As I reviewed my syllabi, I quickly became comforted by the realization that recently published articles often appear in multiple formats (or at least HTML and PDF). At the same time, I realized that many of the older articles and book excerpts will need to be converted. This led me down a rabbit hole.

First, I decided, I would be cutting edge and us ChatGPT to convert my scanned book chapters into markdown. I instructed ChatGPT to remove the page headings and put the page numbers in brackets. The initial results were promising, but there were no breaks between paragraphs. So I asked ChatGPT to add breaks between paragraphs. This is where the madness started. First, it put breaks between every sentence. This is not helpful. I asked ChatGPT not to do that and instead put breaks before every indented line. This caused ChatGTP to put every word on a separate line. This was not what I wanted it to do. At this point, I got moderately frustrated and decided that this would not be the best way to convert these documents. It boggles the mind that ChatGPT can perform so consistently on handwritten field notebook pages can  

I then turned to ABBYFine Reader and used its solid OCR engine to convert the text. The upside is that it does much better with preserving formatting (to the point of mirroring the formatting on left and right pages), but the downside is that converting a text using this method still requires a good many manual interventions to make it comfortable and attractive to read.

Doing this did introduce some new practical concerns. First, I realized that I need to find a way to integrate endnotes or footnotes into my OCR-ed text. It may be that this has to be done manually. As someone who is a bit amphibious — working between humanities disciplines committed to footnoting and endnoting and the social sciences use of in-text citation — one wonders whether accessibility alone will warrant a shift to in-text citation over footnotes or endnotes?  

Second, I started to wonder whether this would shape the content that I assign in class. At present, I try to syncopate my use of older scholarship with newer content. This not only serves to give my courses a bit of historiographic depth, but also demonstrates continuity in the discipline. Since JSTOR remains the most widely accessible archive of scholarly publishing and it is deeply dependent on the PDF as the media for scanned content, it will be interesting to see how it (and we) adapt.

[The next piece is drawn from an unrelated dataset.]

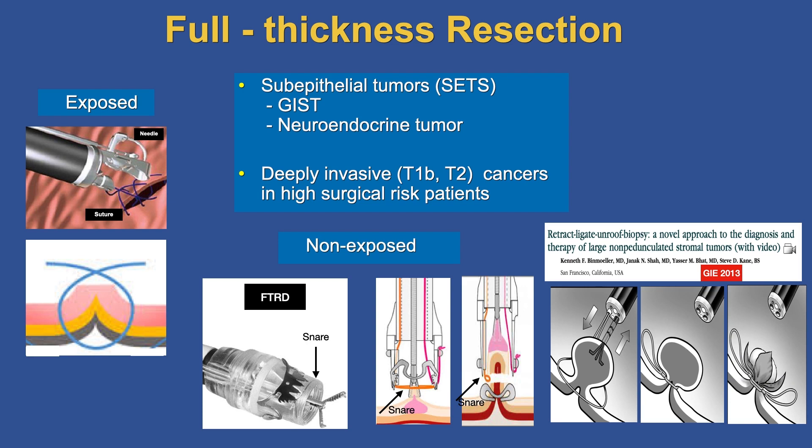Another method is one I have been working on, which I call the ARLOV method — retract, ligate, unroof, and biopsy — where we forcefully invert the wall, pulling the serosa together, ligate the base, and then resect the lesion. This may also become available as a non-exposed method.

Third, there seems to be a curious carve out for books. On the one hand, paper books seem to be exempted from these policies even as they are not generally the most accessible media for students. On the other hand, one can’t help but wonder whether paper books are at risk in the near future. The push toward Open Access publishing and increasingly rigorous standards for accessibility on the other make books a complicated option for courses. This comes at a time when convincing students to spend time in the library has become more and more challenging and libraries face a growing number of budgetary challenges.

Finally, one also wonders how this is all tangled up in copyright law. One can easily see how the moral, ethical, and institutional requirements for accessibility bump up against the copyright and fair-use rules. More than that, I suspect that the growing interest in accessibility is driven in some part by the pivot in the publishing industry from printing books (and journals) to managing content and mediating access. It would not be beyond the realm of possibility that we’re witnessing an effort from commercial publishers to assert themselves in a different way in content management.